Everything posted by Swamp Girl

  1. @ButchA: I think you'd get a lot of hits on your latest lure, but I think your hookup percentage might be low. I visualize a bass inhaling your lure and that spinner collapsing on your hook. A semi-buried hook will guarantee a lower hooking percentage, but that percentage might drop even more with a spinner blade acting like a hook guard. It's an underspin that's an overspin.

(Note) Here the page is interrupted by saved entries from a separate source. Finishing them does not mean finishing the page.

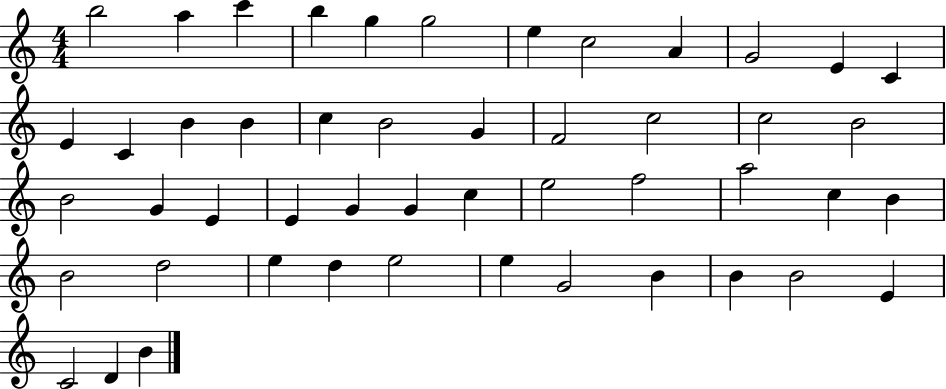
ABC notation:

X:1
T:Untitled
M:4/4
L:1/4
K:C
b2 a c' b g g2 e c2 A G2 E C E C B B c B2 G F2 c2 c2 B2 B2 G E E G G c e2 f2 a2 c B B2 d2 e d e2 e G2 B B B2 E C2 D B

  2. I love the humility in ^this.^ We all grew up watching Al Lindner or Jimmy Houston explaining how to catch bass and we all dreamed of being those guys, i.e. being paid to fish, but cockiness is too common for wanna-be's. You see it in so many angling YouTubers, where they'll catch ONE, measly fish and then address the camera to explain how we too can catch a bass if we just do everything they do. And every thing they say, they say with such surety, as opposed to Musky Tim, who opined above with rare, shining humility. In case ya can't tell, I'm a fan of humility. My other point is that one bass doesn't make a pattern. Nor do two. Catch a dozen or thirty in the same way and then talk about a pattern. When I was young and could fish mornings and evenings in northwestern Ontario, from four in the morning until eleven and again from five in the afternoon until ten, I'd average a hundred bass every day using the same lures and fishing the same places. That's a pattern deserving a YouTube channel, but I have no interest in that nowadays. Too old. I just want to catch fish, not explain how to catch fish in a boat that bristles with as many cameras as fishing rods.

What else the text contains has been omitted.